Assignment:
Output the data below only from the line containing "IA license plate AJX352" up to and including the line containing "molecular formula C18H18N4OS2", exact and with the pictures left out.

Records shown:

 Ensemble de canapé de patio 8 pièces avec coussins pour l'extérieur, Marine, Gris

* * *

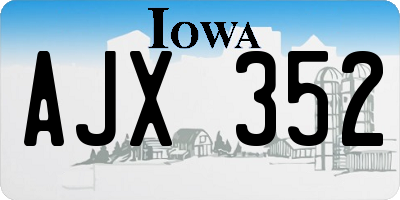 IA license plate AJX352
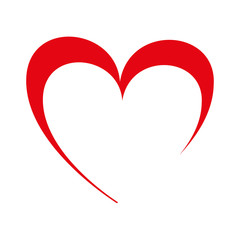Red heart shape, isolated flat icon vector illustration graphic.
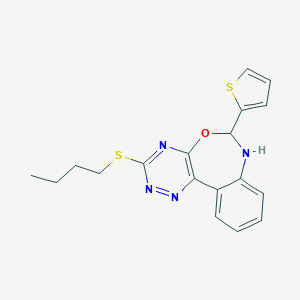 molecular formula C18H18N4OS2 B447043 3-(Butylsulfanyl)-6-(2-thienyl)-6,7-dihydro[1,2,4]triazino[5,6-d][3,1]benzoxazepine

...

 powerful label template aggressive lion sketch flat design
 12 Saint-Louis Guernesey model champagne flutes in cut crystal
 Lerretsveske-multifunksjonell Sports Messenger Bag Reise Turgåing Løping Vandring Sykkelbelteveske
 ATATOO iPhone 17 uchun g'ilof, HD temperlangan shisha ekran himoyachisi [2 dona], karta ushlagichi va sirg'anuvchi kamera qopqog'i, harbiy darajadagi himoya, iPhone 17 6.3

Output:
 IA license plate AJX352
Red heart shape, isolated flat icon vector illustration graphic.
 molecular formula C18H18N4OS2 B447043 3-(Butylsulfanyl)-6-(2-thienyl)-6,7-dihydro[1,2,4]triazino[5,6-d][3,1]benzoxazepine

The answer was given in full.